00:15 Publié dans R | Lien permanent | Commentaires (0)

jeudi, 22 mai 2025

22 mai. Sainte Rita de Cascia, veuve, religieuse de l'Ordre de Saint-Augustin. 1456.

- Sainte Rita de Cascia, veuve, religieuse de l'Ordre de Saint-Augustin. 1456.

Pape : Calixte III. Empereur d'Allemagne : Frédéric III d'Autriche.

" Pour ne point pécher, il faut savoir souffrir en sa chair."
I Petr.
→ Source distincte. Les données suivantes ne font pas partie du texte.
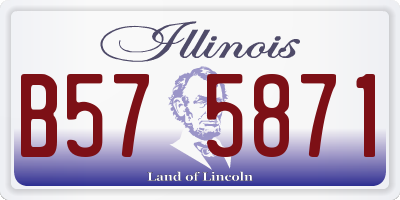 IL license plate B575871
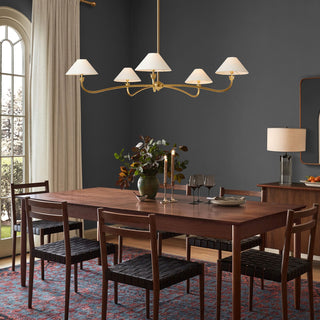 Avril Modern Brass Chandelier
IV, 1.

Sainte Rita naquit en Italie, à Rocca Poréna, petit hameau de Cascia (Cascia, depuis 1820 dans le diocèse de Norcia, était alors dans le diocèse de Spolète), le 22 mai 1381. Ses parents l'avaient longtemps demandée au Seigneur et, alors que tout espoir semblait perdu, sa mère avait reçu de Dieu l'assurance que sa prière était exaucée. Selon une inspiration céleste, l'enfant du miracle fut appelée Rita, diminutif de Margarita, ce qui signife " perle précieuse ".

Peu de temps après son baptême, tandis que Rita reposait paisiblement dans une corbeille d'osier, sous la garde de ses parents qui travaillaient aux champs, un essaim d'abeilles vint bourdonner autour de son berceau. Entrant dans la bouche entr'ouverte de Rita, les abeilles y déposèrent leur miel sans lui faire aucun mal. Loin de gâter leur fille unique par une éducation sans fermeté, les vieux parents s'appliquèrent à la former à la vertu. Obéissante et courageuse, Rita travaillait de bon cœur, aidant ses parents dans les soins du ménage.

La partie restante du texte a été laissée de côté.